As previously mentioned, the construction members were working thirty days at a time, (I do not know what interval occured these 30 day assignments), and member on the Boston Elevated (150 to 200 members), were working a four day work week to prevent layoffs. Then in May 1932, the construction members went to a 1/3 reduction in the workweek to increase the number employed by fifty percent. The signal maintenance department of the Boston Elevated Railway followed suit and agreed to a reduction from six days a week to four days. Their work had covered 24 hours a day, seven days a week, on a shift basis. It was a perplexing problem to rearrange their hours so as to prevent layoffs.

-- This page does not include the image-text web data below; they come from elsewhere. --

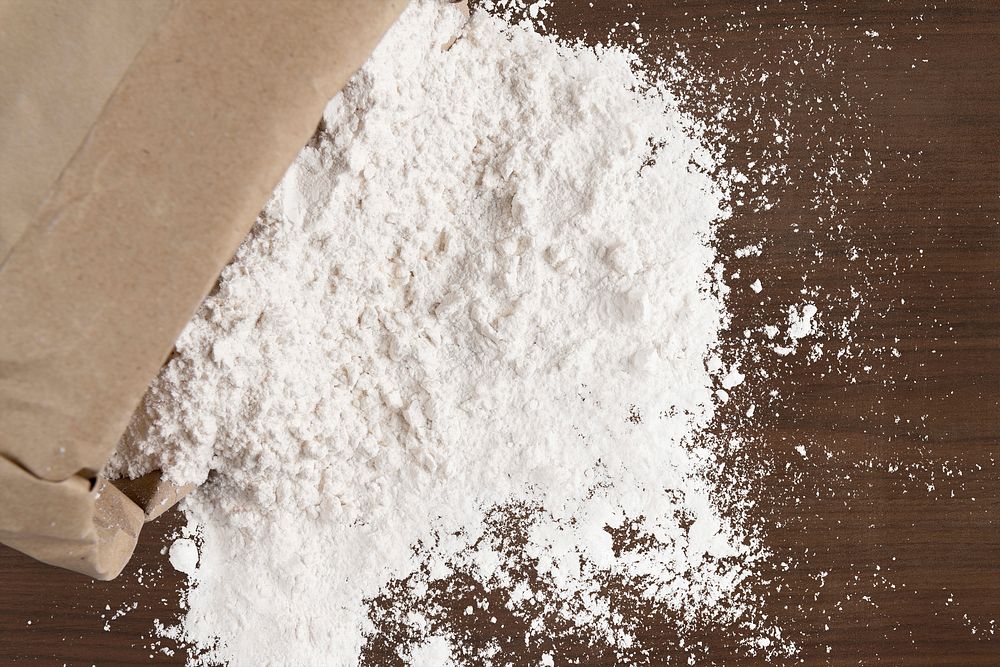 Flour in bag, wooden background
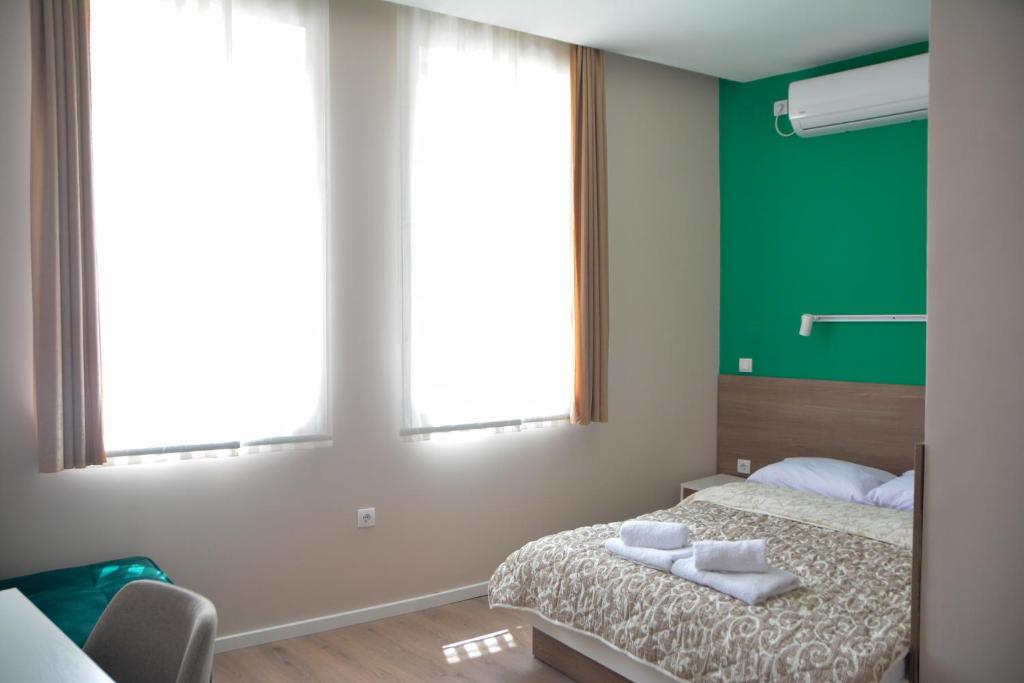 Postel nebo postele na pokoji v ubytování Vila Nova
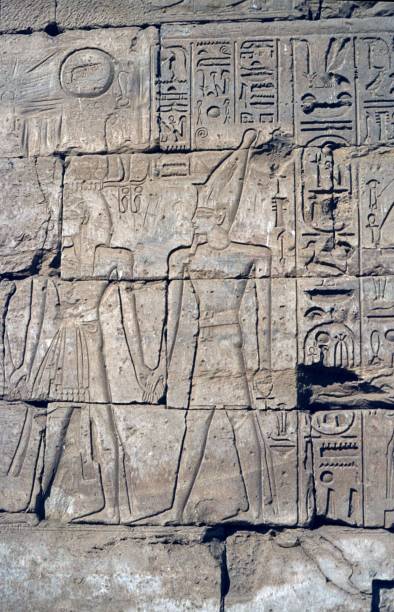 istock Wall relief with pharaoh and deity at a temple wall in Edfu, Egypt 1149845320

The Mayor of Boston, James M. Curley, was deeply concerned as winter approached in 1931 as to what could be done with the thousands of homeless, jobless, starving people when winter set in.

The federal post office job was shut down by strike because of the haphazard construction of the Seaverns Corporations, which was working on a federally funded job where no time was alloted for safety of the workers.

The only good news to report during this period was the passage of the Davis-Bacon Act in 1931, which provided for the payment of prevailing wage rates to laborers and mechanics employed by contractors and sub-contractors on public construction, and the passage of the Morris-LaGuardia Act, (the Anti-Injunction Act), which prohibited injunctions in labor disputes. Wisconsin also adopted the first state unemployment insurance act in the United States.

America was at the bottom of the worst economic abyss it had ever witnessed when on November 8, 1932, Franklin Delano Roosevelt and the Democrats win the election by a landslide. Roosevelt gets 22 million votes to Hoover’s 15 million and the Democrats take control of both Houses of Congress, promising American labor a new deal.

The unemployed in America peak at 13 million. Total wages declined to 60 percent less than 1929. Business is operating at one half of the 1929 capacity. The economy is at rock bottom.